• [RECORDS TO USE]:
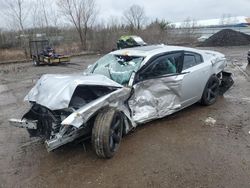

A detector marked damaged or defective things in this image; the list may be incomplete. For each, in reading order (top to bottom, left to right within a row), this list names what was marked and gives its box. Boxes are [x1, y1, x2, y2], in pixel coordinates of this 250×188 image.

crumpled hood [24, 72, 122, 109]
torn metal panel [24, 72, 122, 109]
shattered windshield [90, 53, 145, 85]
wrecked silver sedan [8, 44, 233, 158]
damaged dodge charger [8, 45, 233, 159]
torn metal panel [129, 75, 184, 123]
bent wheel [200, 75, 220, 106]
bent wheel [92, 108, 123, 158]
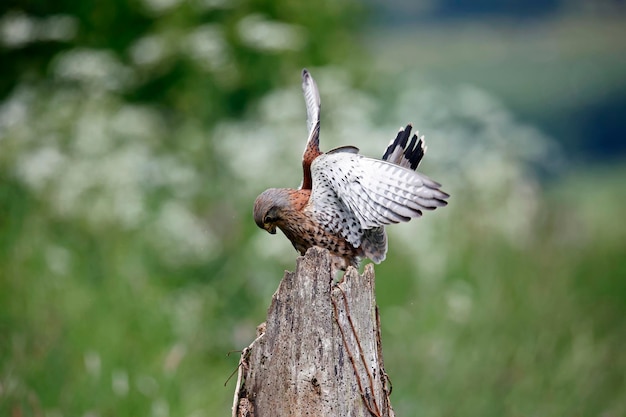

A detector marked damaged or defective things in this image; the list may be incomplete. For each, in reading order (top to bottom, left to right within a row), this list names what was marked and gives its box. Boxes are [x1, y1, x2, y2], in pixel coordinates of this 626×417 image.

splintered wood [232, 247, 392, 416]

• [YOUR GOAL]: When a picture appears among the entries, skip it; transcribe everything else exactly.

• [EXERCISE RESULT]:
A detector marked damaged or defective things in this image; the list may be incomplete. For each, in reading order (top to bottom, left to right within a row), this list names what was marked and gives its box. Boxes are [x1, y1, x2, y2], in pixel coordinates of this 250×188 image.

crumpled hood [24, 72, 122, 109]
torn metal panel [24, 72, 122, 109]
shattered windshield [90, 53, 145, 85]
wrecked silver sedan [8, 44, 233, 158]
damaged dodge charger [8, 45, 233, 159]
torn metal panel [129, 75, 184, 123]
bent wheel [200, 75, 220, 106]
bent wheel [92, 108, 123, 158]

A detector marked damaged or defective things in this image; the list may be incomplete. For each, in reading order (top to bottom, left to right within a row), this list names what was marked and gives its box. Boxes are [x1, y1, x2, y2], in pixel coordinates of this 626×417 image.

splintered wood [232, 247, 392, 416]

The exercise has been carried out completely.